== TASK REQUIREMENTS ==
Note on the material below: return exactly the lines from the line that holds "REXEL Grapas Rexel" through the line that holds "Men's Casual Cotton", and leave out each picture.

───── INPUT

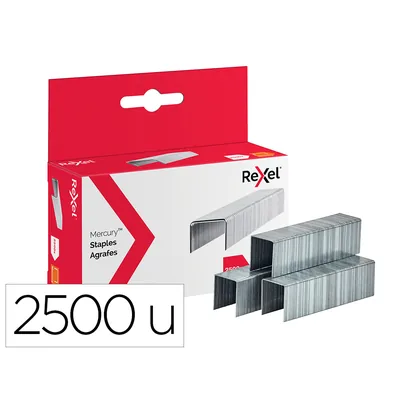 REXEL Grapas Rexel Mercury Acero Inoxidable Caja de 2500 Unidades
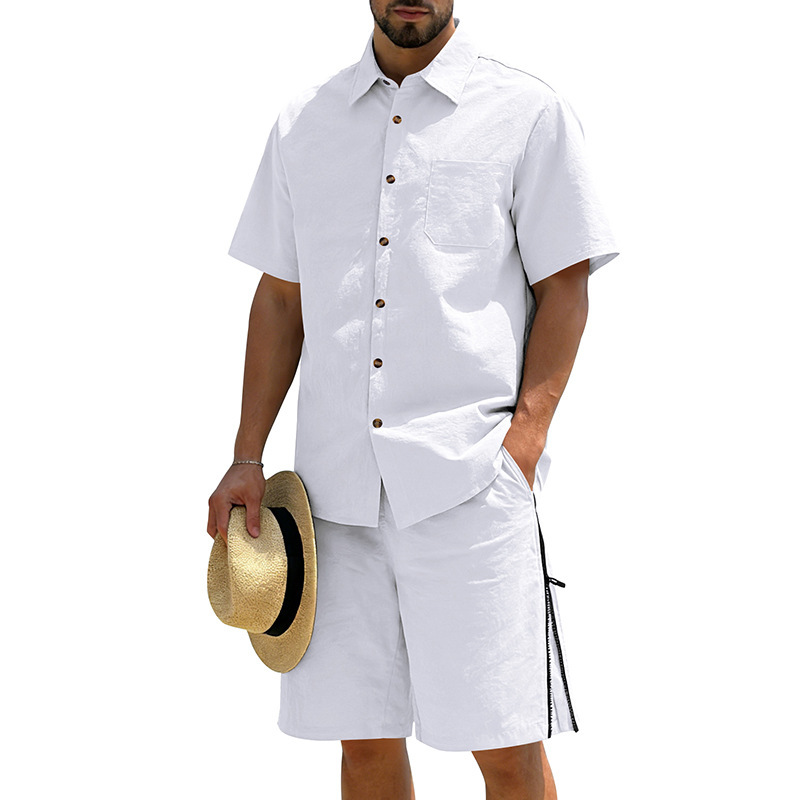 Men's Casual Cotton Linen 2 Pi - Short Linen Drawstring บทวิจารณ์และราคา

──────────
───── INPUT

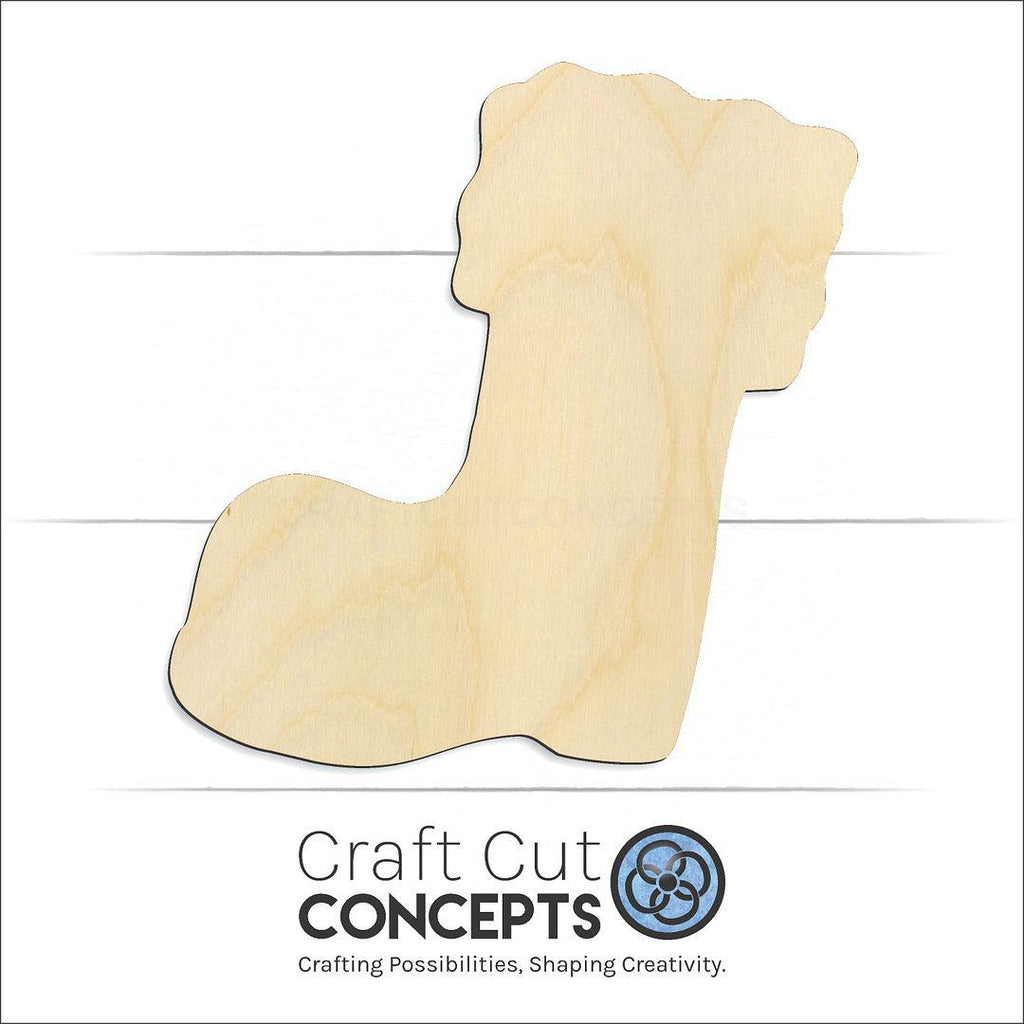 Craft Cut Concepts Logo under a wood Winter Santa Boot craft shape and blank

──────────

== RESULT FOR THIS TASK ==
 REXEL Grapas Rexel Mercury Acero Inoxidable Caja de 2500 Unidades
 Men's Casual Cotton Linen 2 Pi - Short Linen Drawstring บทวิจารณ์และราคา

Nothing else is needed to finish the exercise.